O futuro da elite dos jornalistas parece mais seguro do que o futuro da maioria dos eleitores
Lúcia Guimarães, O Estado de S.Paulo
06 Agosto 2018 | 02h00
“O passado nunca está morto. Nem sequer passou.” (William Faulkner)
Depois se assistir aos candidatos a presidente enfrentando pelotões de jornalistas em duas redes, esta carioca expatriada, mais conhecedora de campanhas americanas, voltou para casa pensando na frase de William Faulkner.
Campanhas para presidente são, quase sempre, sobre o futuro. A campanha de 2016, nos Estados Unidos, foi carregada de promessas de volta ao passado mítico. Um playboy nova-iorquino que se definiu nos desvairados anos 1980 prometeu a seus eleitores voltar aos anos 1950, em que um país majoritariamente branco, patriarcal, segregado e triunfal diante da Europa devastada sonhava com a lua, não desconfiava do efeito estufa e emporcalhava sua vastidão territorial com abandono.
Houve alguma eleição recente no Brasil tão voltada para o passado? Os dois homens favoritos nas pesquisas, um sentado em sua cela especial, outro sonhando com celas para seus moinhos adversários, pedem aos eleitores que imaginem uma volta ao passado. O passado do presidente preso é real, vivo na memória, mas começou a ser desmontado por ele mesmo e sua sucessora esquenta-lugar.

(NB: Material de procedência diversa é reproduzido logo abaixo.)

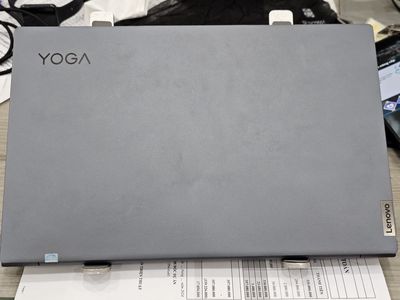 Lenovo Yoga Slim 7 - 14ITL05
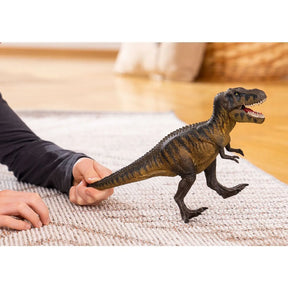 Schleich - Dinosaur Tarbosaurus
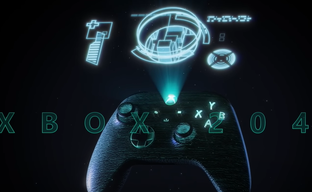 Microsoft представила Xbox 2042 — концепт игровой консоли будущего. Фрагмент ролика напоминает презентацию PlayStation 5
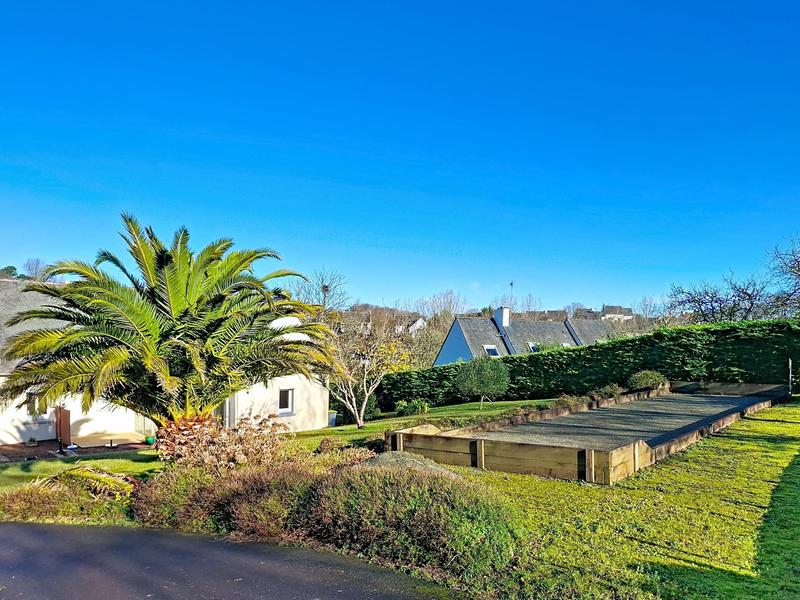 Villa - 185 m² - 11 pièces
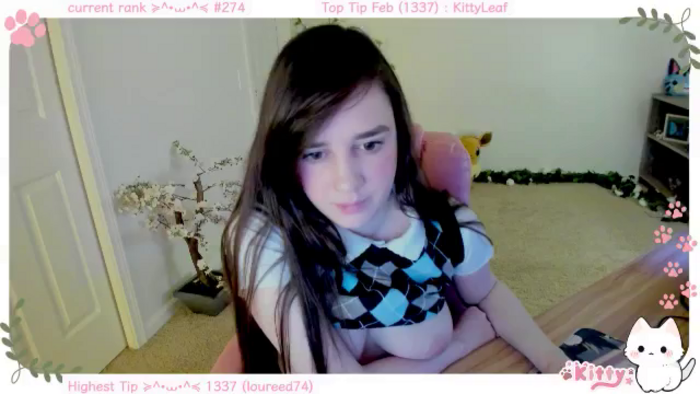 Kitty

O passado do capitão candidato é a ditadura que “benéfica” o país das estatais movidas a voluntarismo do andar de cima, onde minorias eram invisíveis, mulheres sabiam seu lugar e precisavam ser atraentes para merecer violação sexual. Mas o passadismo do caudilho petista e o do capitão trumpista eram esperados porque ambos vivem de culto à personalidade.

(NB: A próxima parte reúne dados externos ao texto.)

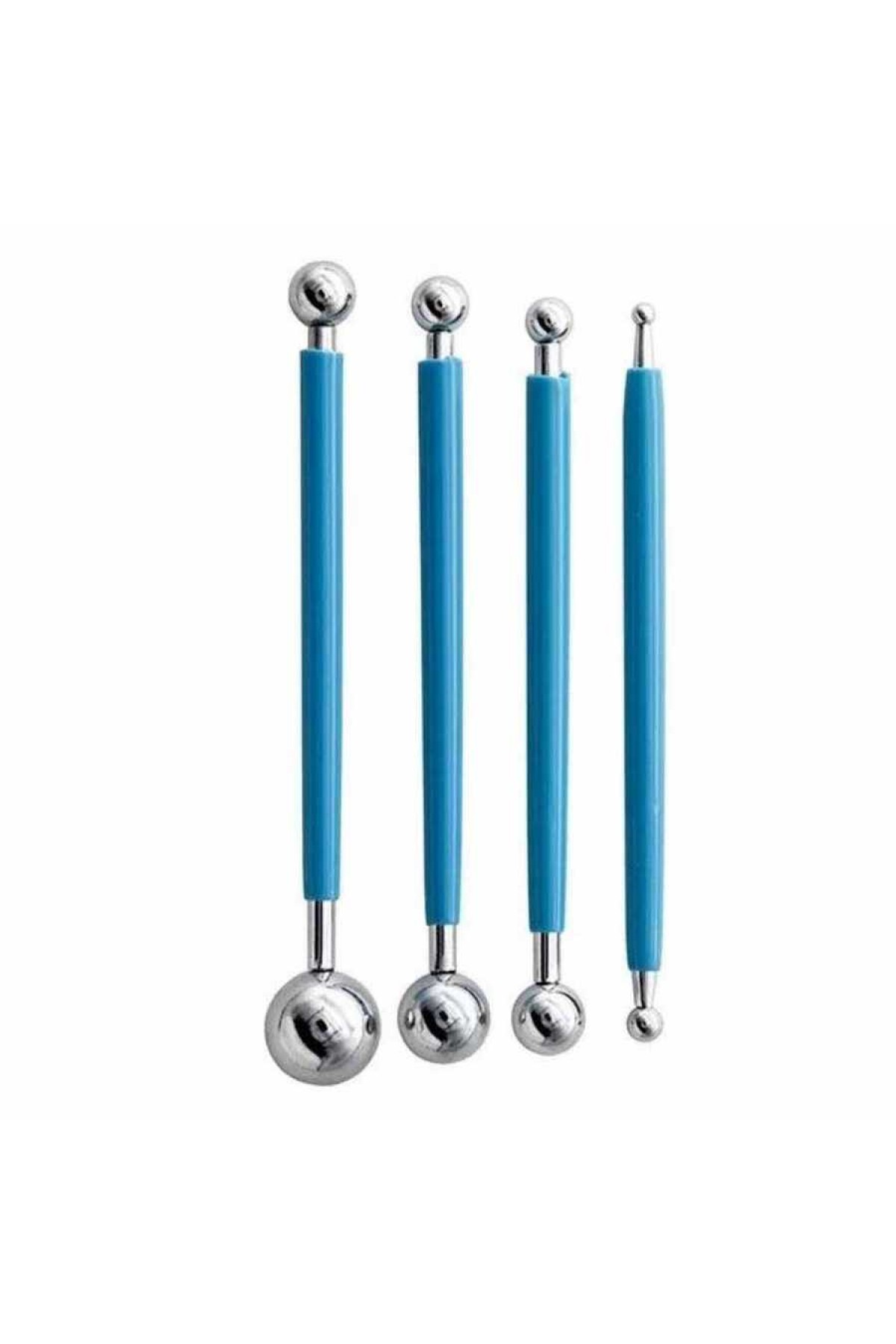 Metal Top Marzipan Seti (MRP-04)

O que tento entender é o papel do meu ofício no olhar para o futuro. Os candidatos foram entrevistados por jornalistas veteranos e astutos, munidos de fatos, estatísticas, réplicas e tréplicas. Mas não pude deixar de notar uma ênfase desproporcional na revisita ao passado.
No caso do capitão, o passado é fácil de explorar para sound-bites porque ele é uma usina de despautérios que regurgita de presente para sua arquibancada. Não houve ditadura militar, o coronel torturador é o autor na sua cabeceira, as declarações imitam o modus operandi do ídolo do norte, que insulta e choca para dar aos seguidores o prazer de se vingar do establishment liberal.
O establishment liberal é representado por jornalistas, mesmo considerando as diferenças no ecossistema de mídia dos dois países. Recomendo a leitura de um artigo do excelente crítico de mídia Michael Massing, no próximo número da revista The Nation, Jornalismo na Era de Trump: O que importa e o que falta. Massing reconhece o trabalho excepcional de repórteres americanos investigando a presidência mais caótica da história recente. Mas ele também aponta para o risco maior de ser levado na correnteza de tuítes, mentiras, ameaças militares: ignorar o cotidiano de um país continental.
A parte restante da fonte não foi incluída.